Quote the data exactly, first line to the line containing "SV02 Paldea Evolved 070/193 Luxio - Uncommon", with no pictures.

===============

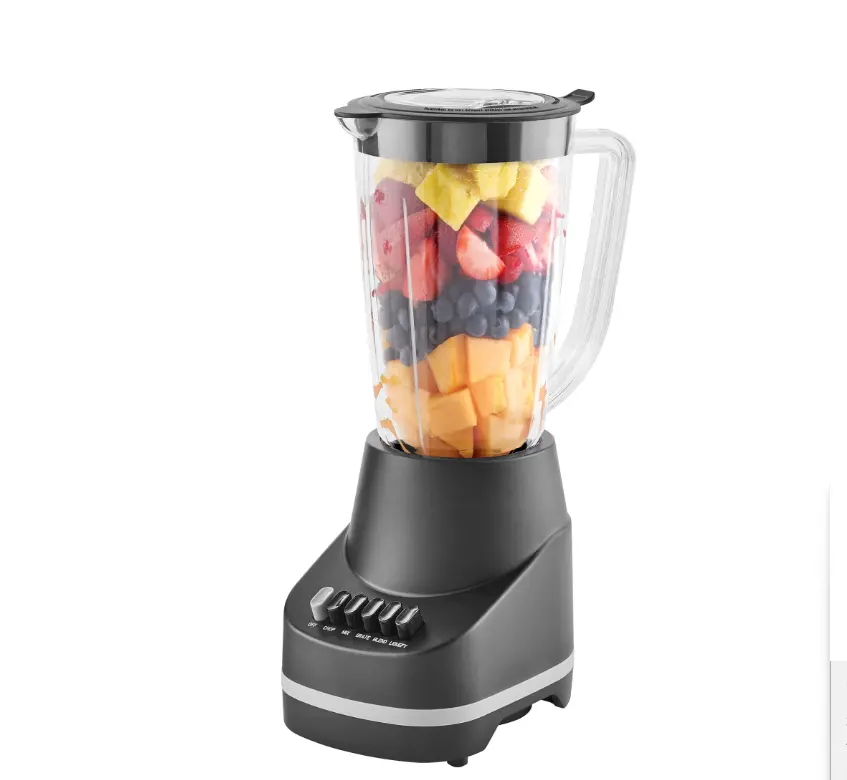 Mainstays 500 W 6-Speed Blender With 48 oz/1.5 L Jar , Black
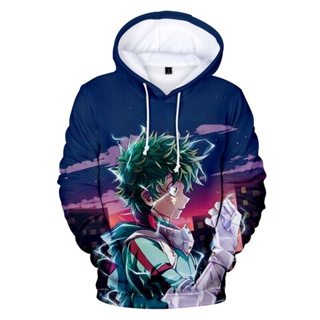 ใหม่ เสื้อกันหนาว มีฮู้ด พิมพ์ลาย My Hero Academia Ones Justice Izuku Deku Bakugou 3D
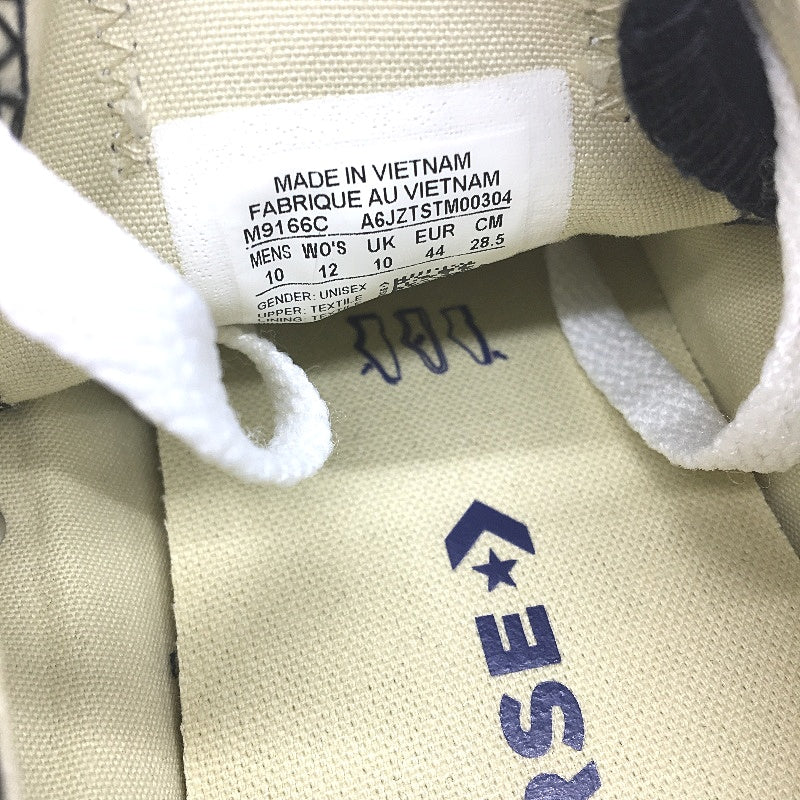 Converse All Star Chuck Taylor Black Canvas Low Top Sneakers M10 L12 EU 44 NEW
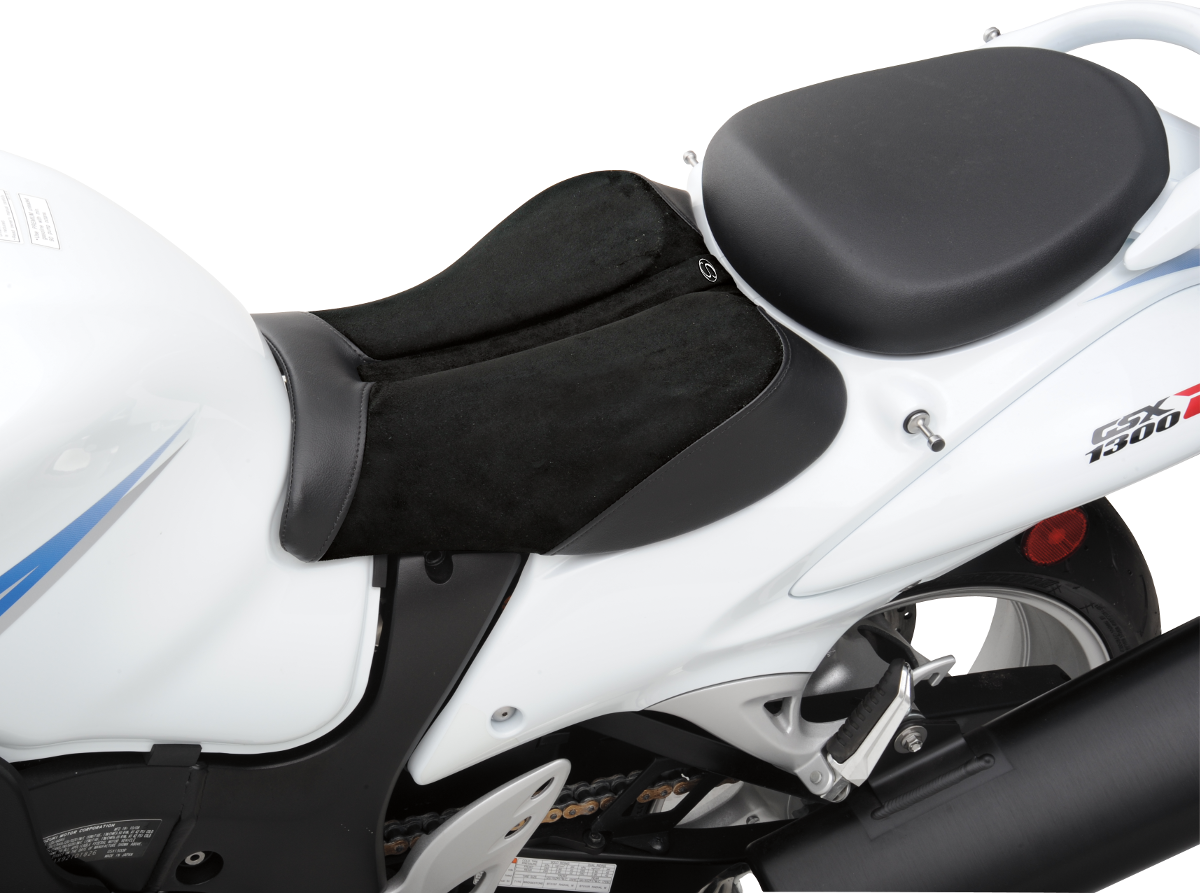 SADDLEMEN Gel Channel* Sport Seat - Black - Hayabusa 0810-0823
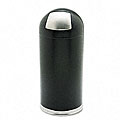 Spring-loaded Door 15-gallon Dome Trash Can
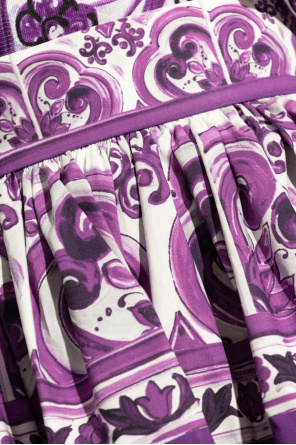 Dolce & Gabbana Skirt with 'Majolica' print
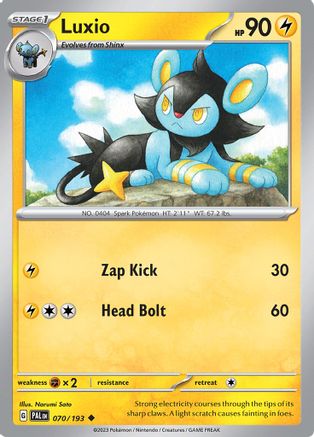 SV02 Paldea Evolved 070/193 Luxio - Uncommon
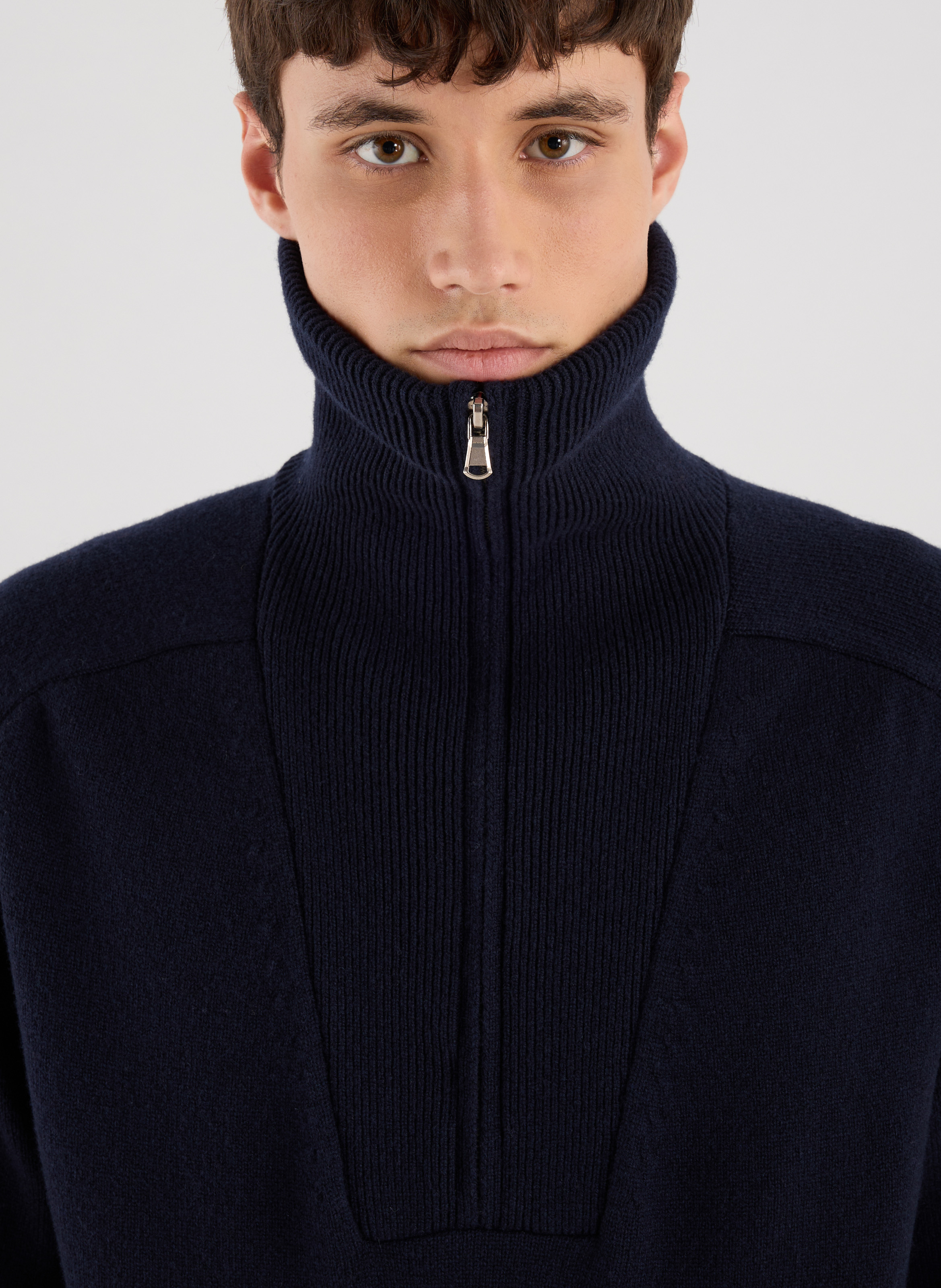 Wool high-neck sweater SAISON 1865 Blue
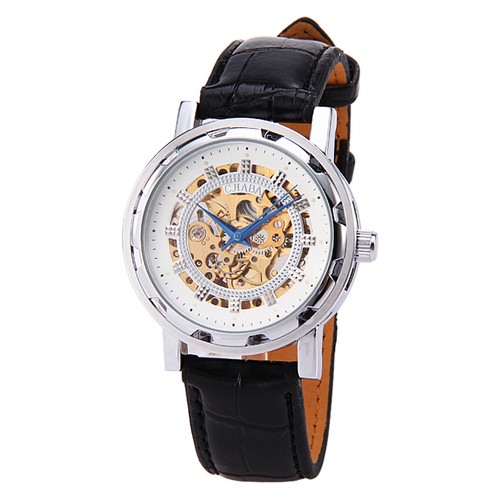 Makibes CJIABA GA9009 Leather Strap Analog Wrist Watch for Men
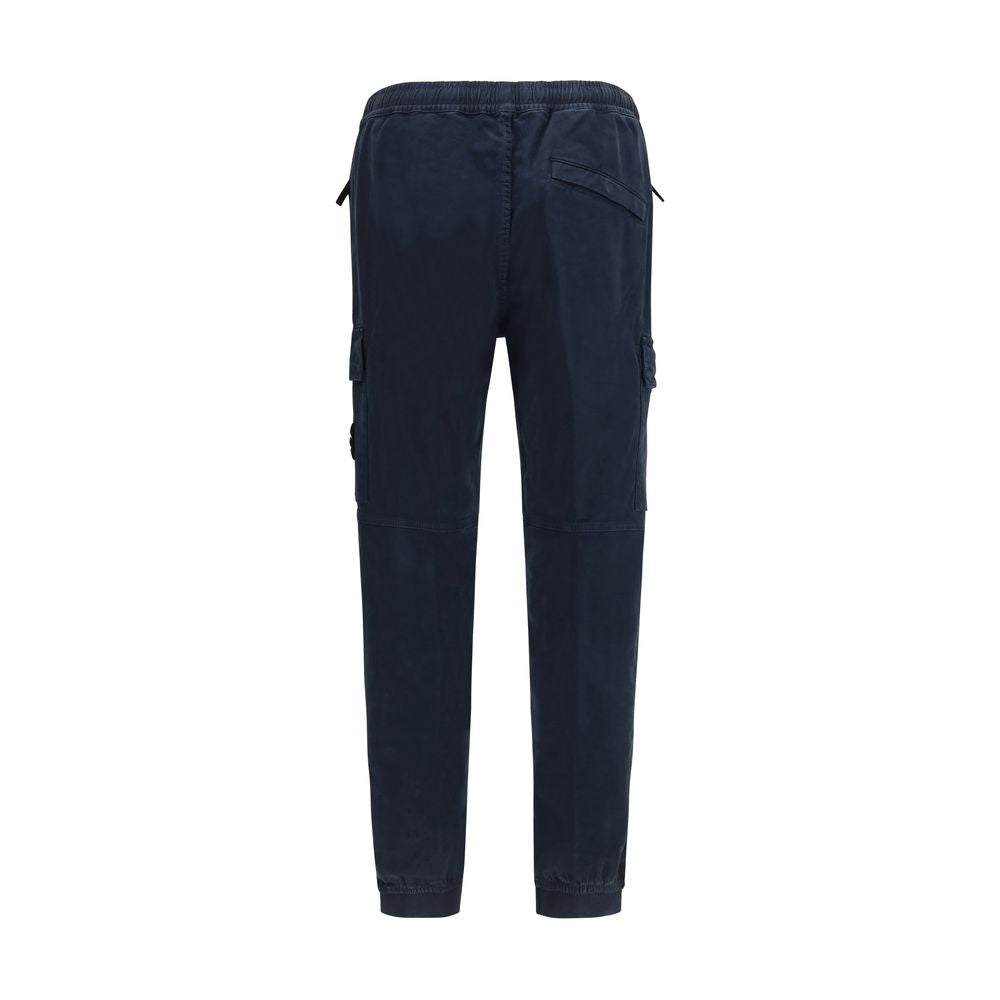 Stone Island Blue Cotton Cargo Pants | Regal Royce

===============

» **Response area**:
 Mainstays 500 W 6-Speed Blender With 48 oz/1.5 L Jar , Black
 ใหม่ เสื้อกันหนาว มีฮู้ด พิมพ์ลาย My Hero Academia Ones Justice Izuku Deku Bakugou 3D
 Converse All Star Chuck Taylor Black Canvas Low Top Sneakers M10 L12 EU 44 NEW
 SADDLEMEN Gel Channel* Sport Seat - Black - Hayabusa 0810-0823
 Spring-loaded Door 15-gallon Dome Trash Can
 Dolce & Gabbana Skirt with 'Majolica' print
 SV02 Paldea Evolved 070/193 Luxio - Uncommon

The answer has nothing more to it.